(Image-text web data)
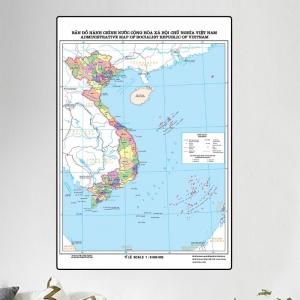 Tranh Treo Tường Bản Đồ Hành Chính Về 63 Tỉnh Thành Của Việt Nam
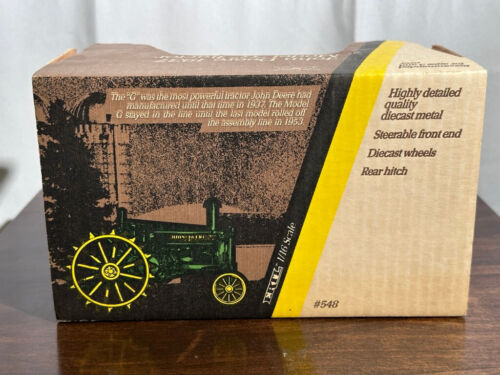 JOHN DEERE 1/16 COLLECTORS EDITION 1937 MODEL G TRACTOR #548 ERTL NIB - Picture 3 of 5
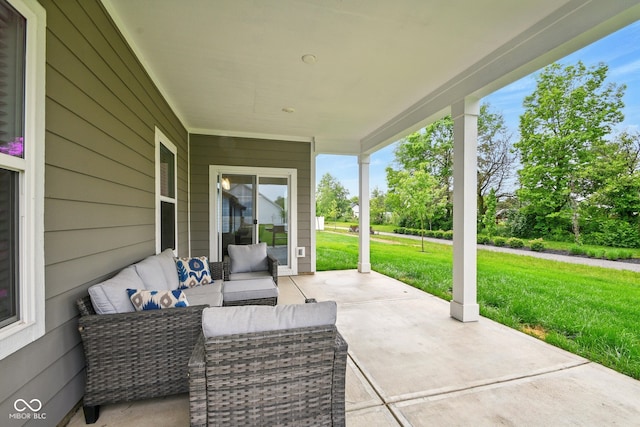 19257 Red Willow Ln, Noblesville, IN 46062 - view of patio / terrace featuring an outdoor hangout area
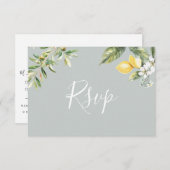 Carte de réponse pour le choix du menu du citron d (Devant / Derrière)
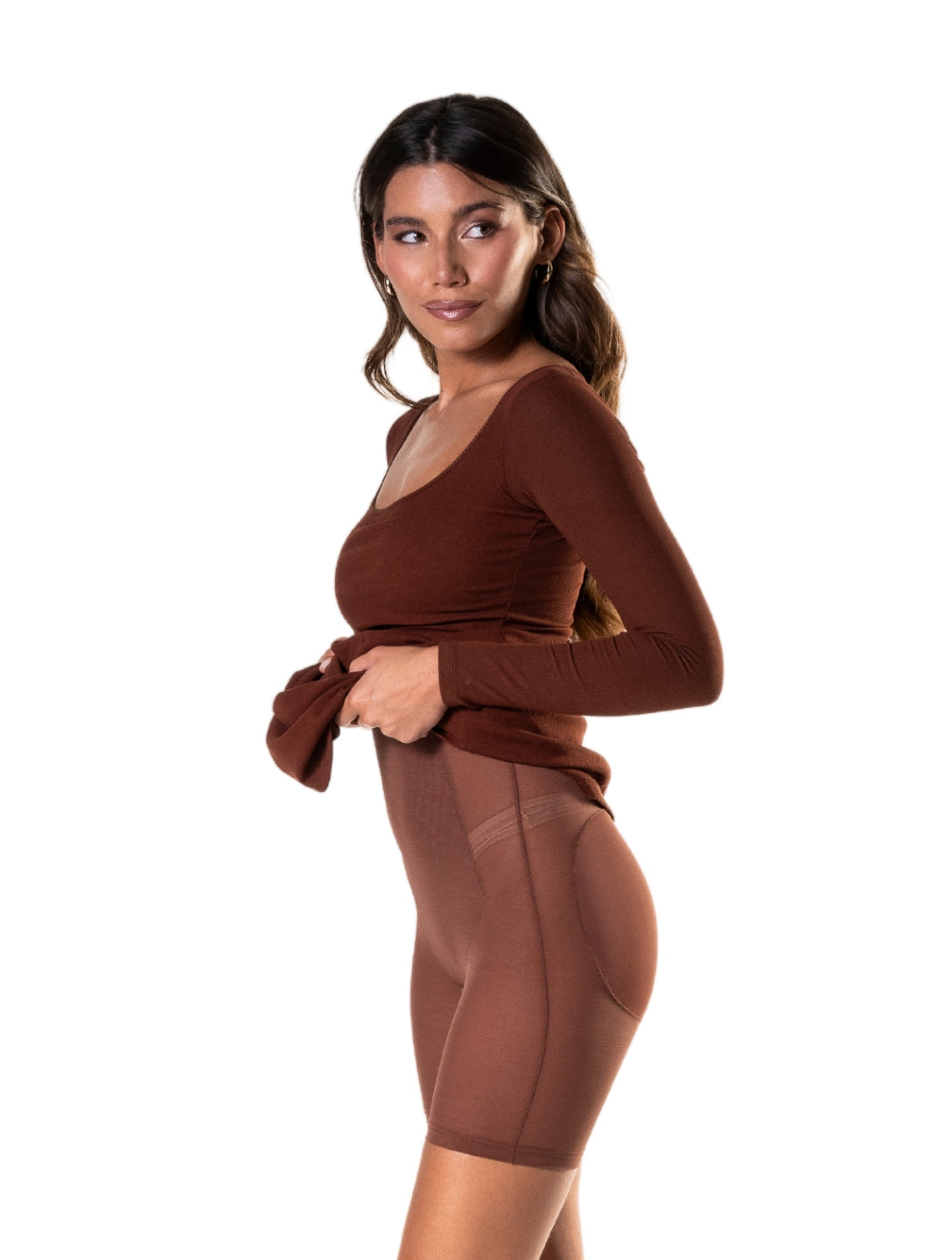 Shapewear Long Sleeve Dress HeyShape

Work instructions: Repeat all the records exactly, images excluded.

Solution for this exercise:
 Tranh Treo Tường Bản Đồ Hành Chính Về 63 Tỉnh Thành Của Việt Nam
 JOHN DEERE 1/16 COLLECTORS EDITION 1937 MODEL G TRACTOR #548 ERTL NIB - Picture 3 of 5
 19257 Red Willow Ln, Noblesville, IN 46062 - view of patio / terrace featuring an outdoor hangout area
 Carte de réponse pour le choix du menu du citron d (Devant / Derrière)
 Shapewear Long Sleeve Dress HeyShape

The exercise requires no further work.